10年か。まだ生々しく記憶が残っている。


岩手では関東に比べて、テレビや新聞で
震災を振り返るニュースや特集を目にする
事が多い。おかげで横浜に居た頃は知らな
かった、色んな話を見たり聞いたりできた。


この1年は殆ど内陸である紫波町と盛岡を
往復する毎日だったので、沿岸の現状は
分からない。
でも時々テレビ等で釜石はじめ沿岸の町の
映像を見る限り、「まだまだ元には戻って
いないな」と思う。


父の遺品を整理していたら、大槌に住む
友達の手紙が出てきた。この方はタクシー
の運転手をしていたのだが、本当に間一髪で
津波から逃れたのだ。その時の状況が詳しく
書かれていた。
とても穏やかな方で、手紙も淡々とした
文章で書かれていたのだが、その分津波
恐ろしさが真っ直ぐに伝わってきた。


大槌は震災の時大きな火災が発生して、町の
多くが焼失した。知り合いの中で、最後まで
安否が分からなかったのが、こちらのご家族
だった。
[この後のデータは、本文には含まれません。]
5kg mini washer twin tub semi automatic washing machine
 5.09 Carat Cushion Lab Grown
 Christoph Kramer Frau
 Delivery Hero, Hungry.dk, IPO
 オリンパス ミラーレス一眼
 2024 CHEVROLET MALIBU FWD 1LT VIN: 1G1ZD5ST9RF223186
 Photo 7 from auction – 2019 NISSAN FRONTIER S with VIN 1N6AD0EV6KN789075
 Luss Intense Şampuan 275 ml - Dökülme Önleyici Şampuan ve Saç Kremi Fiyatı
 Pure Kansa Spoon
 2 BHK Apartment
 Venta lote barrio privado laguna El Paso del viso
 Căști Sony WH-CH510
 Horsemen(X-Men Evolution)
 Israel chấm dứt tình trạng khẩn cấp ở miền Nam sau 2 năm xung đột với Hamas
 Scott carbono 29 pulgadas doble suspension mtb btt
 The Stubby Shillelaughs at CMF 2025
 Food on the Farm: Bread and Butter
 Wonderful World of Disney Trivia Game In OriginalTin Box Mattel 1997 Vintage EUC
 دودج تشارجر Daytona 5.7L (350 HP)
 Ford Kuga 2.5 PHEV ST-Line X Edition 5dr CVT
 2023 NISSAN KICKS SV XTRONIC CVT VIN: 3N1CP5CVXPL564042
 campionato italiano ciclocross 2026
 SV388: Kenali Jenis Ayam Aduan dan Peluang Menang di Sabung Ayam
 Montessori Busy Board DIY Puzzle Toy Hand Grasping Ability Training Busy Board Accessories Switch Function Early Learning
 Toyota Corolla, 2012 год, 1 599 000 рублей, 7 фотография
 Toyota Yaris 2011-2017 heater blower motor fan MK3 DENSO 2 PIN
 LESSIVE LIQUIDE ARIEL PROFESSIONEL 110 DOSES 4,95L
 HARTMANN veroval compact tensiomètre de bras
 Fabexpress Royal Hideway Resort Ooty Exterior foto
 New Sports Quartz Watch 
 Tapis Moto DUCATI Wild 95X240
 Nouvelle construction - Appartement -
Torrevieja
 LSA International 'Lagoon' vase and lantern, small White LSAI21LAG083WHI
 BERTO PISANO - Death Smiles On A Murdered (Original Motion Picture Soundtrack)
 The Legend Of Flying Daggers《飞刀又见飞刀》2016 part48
だから、無事である事が分かった時は
本当に嬉しかった。


だがその後は大変だったらしい。
被害が大きかった人が少なかった人を責めたり、
嫌がらせをするような事があったようだ。
「その後」の話は他からも聞く。良いことも、
悪い事も。何とも言えない気持ちになる。


10年経ったけど、まだ「その後」なんだな、と
思う。何も終わっていない。こないだ久々に
大きな地震があった時に再認識した。
全てはまだ続いているし、新たに起こるかも
知れない。
とりあえず今年は、そんなことを考えていました。